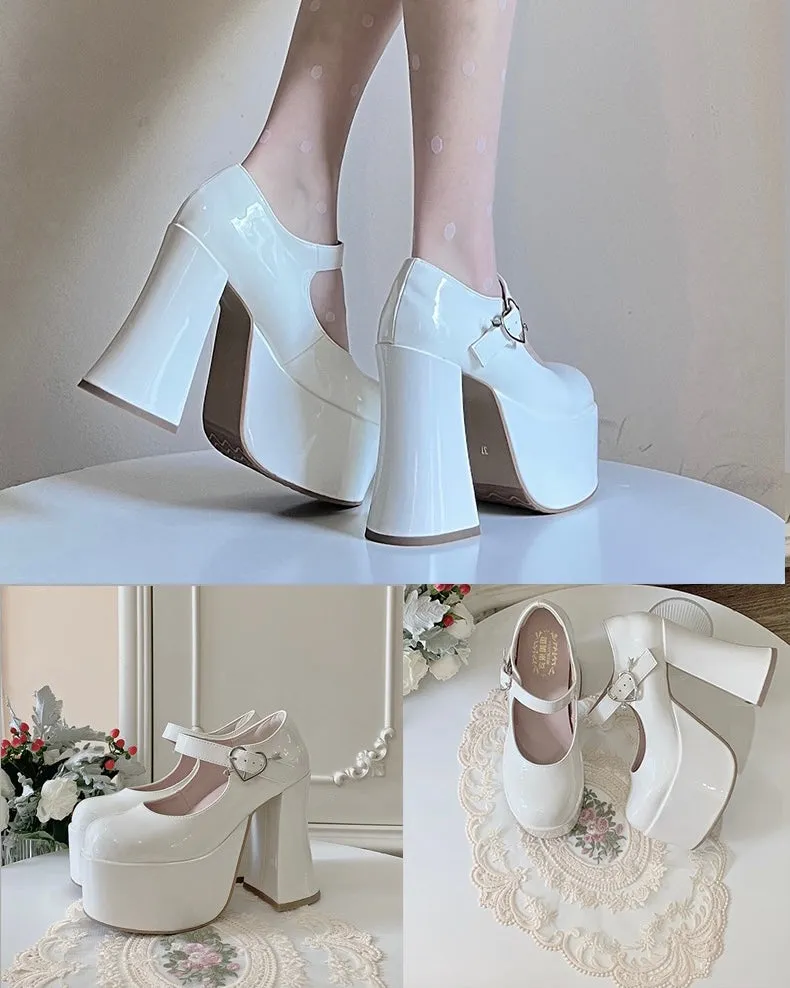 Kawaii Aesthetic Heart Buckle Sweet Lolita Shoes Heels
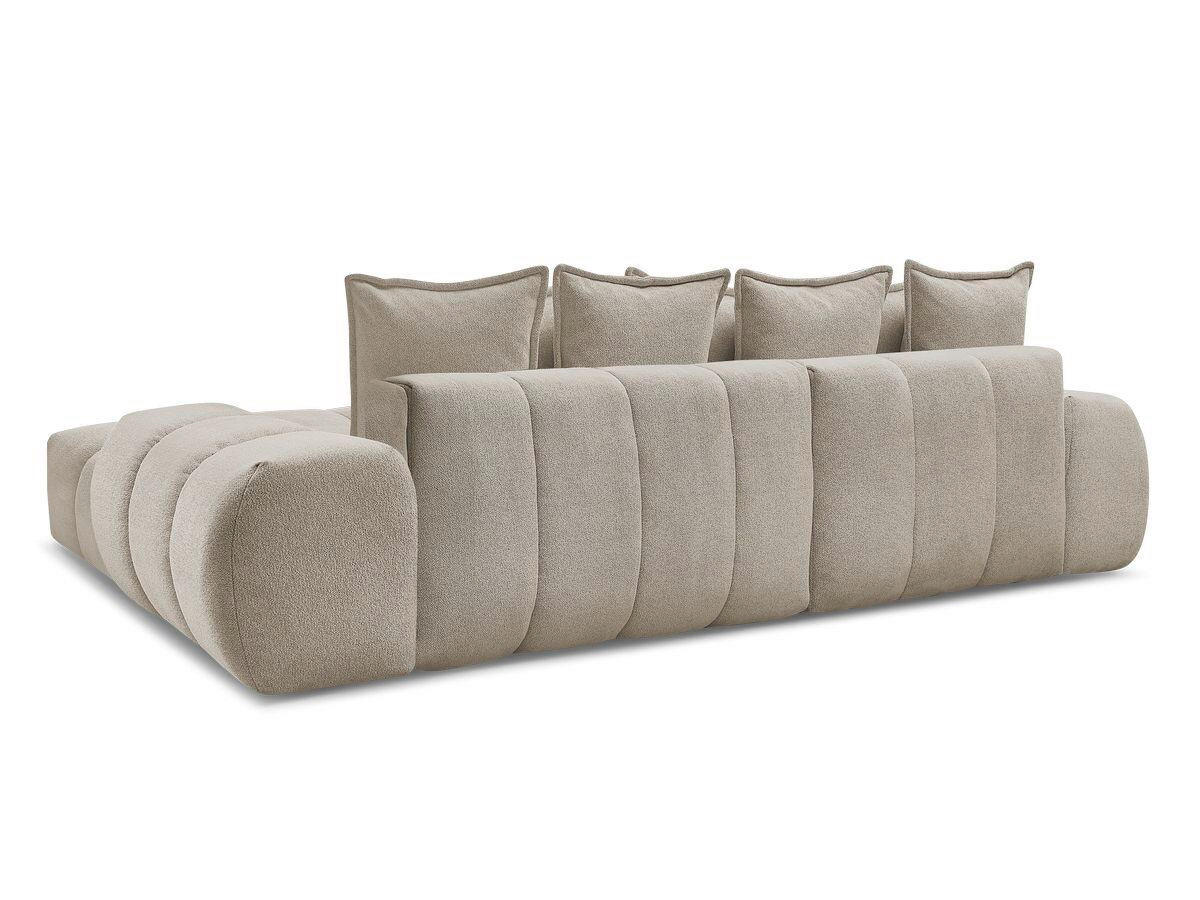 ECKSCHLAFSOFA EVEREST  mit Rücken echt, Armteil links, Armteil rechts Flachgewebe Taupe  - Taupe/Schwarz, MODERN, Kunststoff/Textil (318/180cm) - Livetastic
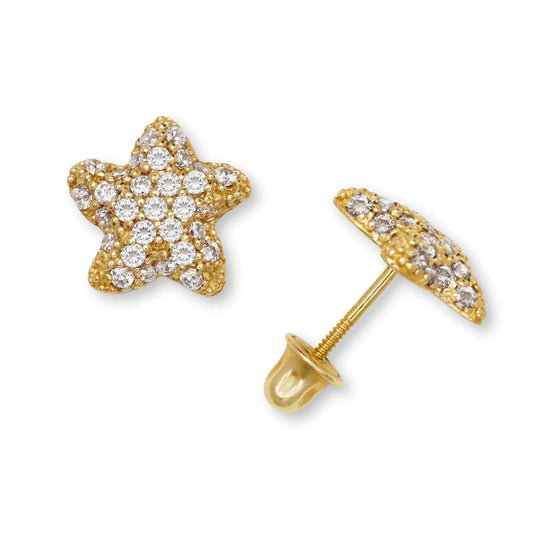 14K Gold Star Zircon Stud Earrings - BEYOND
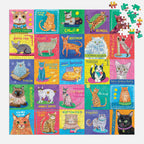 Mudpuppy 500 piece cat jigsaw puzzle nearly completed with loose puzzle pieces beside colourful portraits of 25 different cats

#####

:: What is expected ::
Repeat every line above exactly, but omit all images.

:: Exercise solution ::
 Kawaii Aesthetic Heart Buckle Sweet Lolita Shoes Heels
 ECKSCHLAFSOFA EVEREST  mit Rücken echt, Armteil links, Armteil rechts Flachgewebe Taupe  - Taupe/Schwarz, MODERN, Kunststoff/Textil (318/180cm) - Livetastic
 14K Gold Star Zircon Stud Earrings - BEYOND
 Mudpuppy 500 piece cat jigsaw puzzle nearly completed with loose puzzle pieces beside colourful portraits of 25 different cats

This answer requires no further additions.